Within his silence, Allen was conscious only of a vast and dreary confusion pierced by a tiny spark of life, a nameless identity throbbing stubbornly beneath the wreckage of his life, like some long-buried earthquake survivor. If he was aware of others outside his skin, it was in the sense of mute gratitude engendered by his father's absence, his family's general lack of interest, and his brother's patient and undemanding presence. Most of all, he was abjectly grateful that the people around him didn't have raw, bleeding hands, and that no rotting children had yet appeared to tug at his shirttails, asking for chocolate bars and bullets.

Then one day, two weeks after Allen's arrival, Jerry came home from his summer job scrubbing down boats for tourists to find the house empty, the beach unoccupied, and the motor skiff gone from the dock. He spent a tense couple of hours drinking beer on the beach while the sun dropped low on the horizon before he heard the familiar sound of the skiff's outboard coming across the water. He quickly went back inside to put dinner together, allowing Allen to tie up on his own.

Allen's attempts at communication (apart from the long mutters and terrible high moans of his nightmares) remained monosyllabic answers to direct questions or the equally brusque request for cigarettes, but once he started going out on the boat, he began to put on weight. Long hours spent on the water turned him brown. His infections healed, his limp seemed less severe, and his hands grew steady enough to shave him without bloodshed. Jerry took a breath of mixed relief and resignation, bracing for the next phase—a restlessness that would end with an abrupt, unannounced departure.

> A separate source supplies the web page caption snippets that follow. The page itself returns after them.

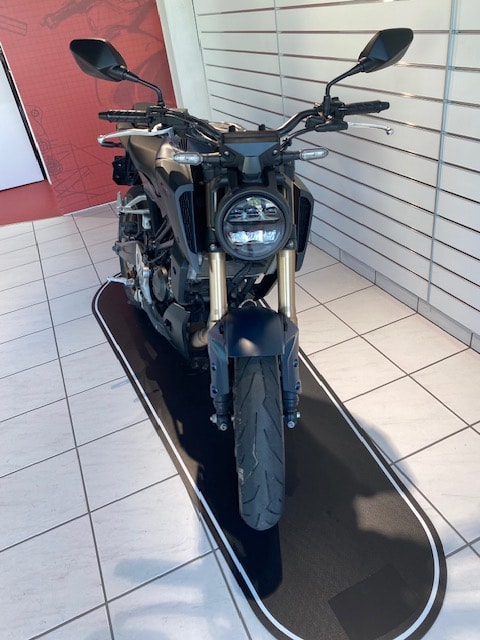 HONDA CB 125 R-image-2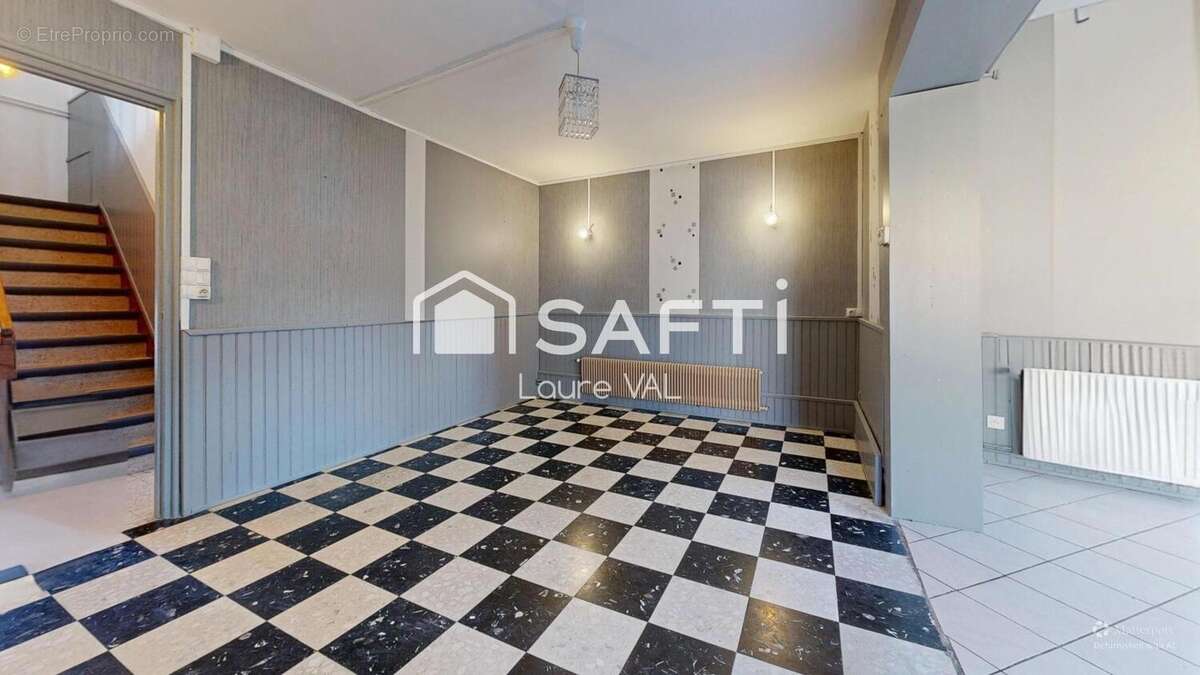 Photo 2 - Maison à SAINT-OMER
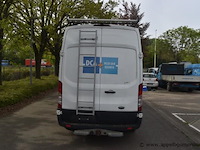 Lichte vrachtwagen ford, transit, wf0xxxttgxfd20215, 1e insch 13/05/2015, 2198cm³, 92kw, diesel, euro 5b, 182631km, inschrijvingsbewijs deel i en ii, keuringsbewijs (geldig tot 22/01/2027), gelijkvormigheidsattest, identificatieverslag - afbeelding 16 van  19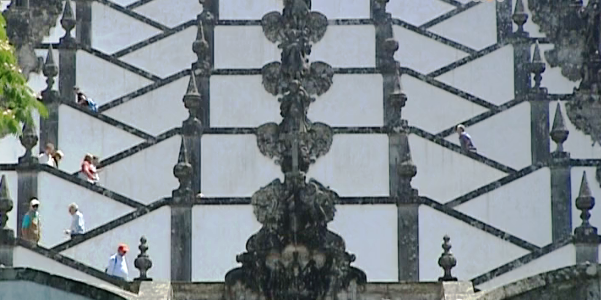 Braga: A Gastronomia Minhota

But as June turned to July, Allen gave no signs of leaving. He seemed to be more preoccupied than restless. The inevitable Fourth of July bangs and flashes gave him a hard time, and more than once he retreated to the TV room with the volume cranked high, but even then he didn't drink more than a couple of beers, and he was still there on the morning of the fifth.

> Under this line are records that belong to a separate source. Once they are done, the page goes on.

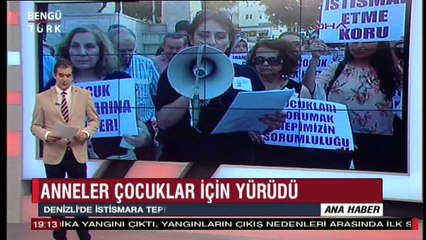 BENGÜ TÜRK ANA HABER 6 TEMMUZ 2018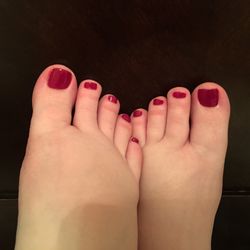 Queen Nails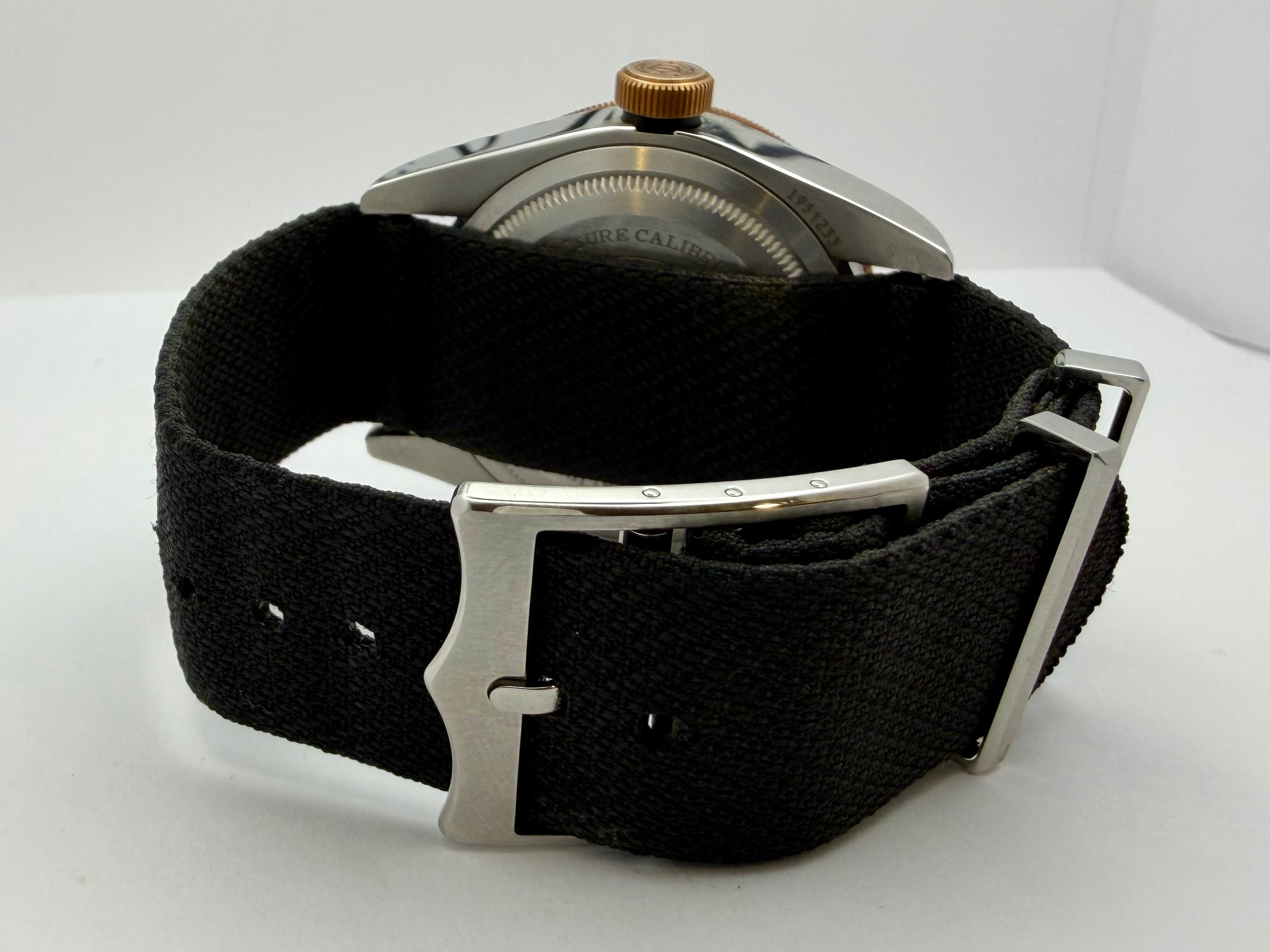 Case #149 — Tudor Black Bay S&G 41mm Ref. 79733N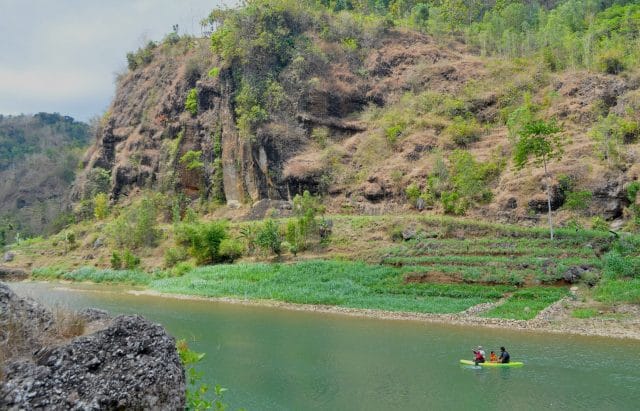Sungai Oya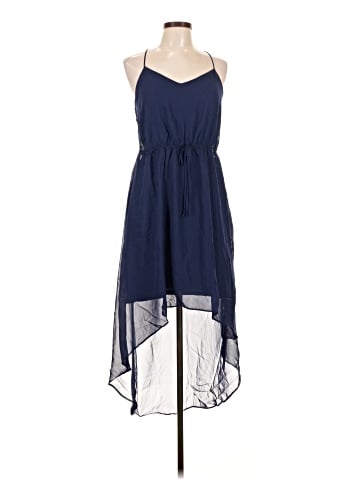 Freebird Casual Dress (view 1)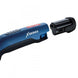 Heiniger Draadloze scheermachine Xplorer met 2 accu's; messen 21/23 Scheermachines - Maddelin Equestrian Heiniger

Not, however, on an evening two nights after Jerry's twenty-first birthday, when Jerry came back late from work to find the skiff missing. And when the stars were out overhead it was still gone, although the tide had been going out for hours, all the waters of the Georgia Strait sweeping around their islands, rushing to sea along with anything that wasn't anchored down.

Torn between fury and dread, Jerry slapped together some macaroni and cheese for their dinner, ate his in front of the television, and finally pulled on his jacket to go lie on the dock, staring up at the sky, listening to the
pat pat
of wavelets against the posts, wondering how soon he could call the sheriff's office without sounding like his brother's fretful grandmother. Stretched out on the old boards, he searched the heavens for a shooting star, so he might make a wish. That he might miraculously be made older, perhaps, so he'd know what to do about his brother. Or that Dad might come back from Europe early and take over, leaving his latest girlfriend behind. Or that—and then he heard an engine approaching; not the skiff's uneven outboard, something heavier.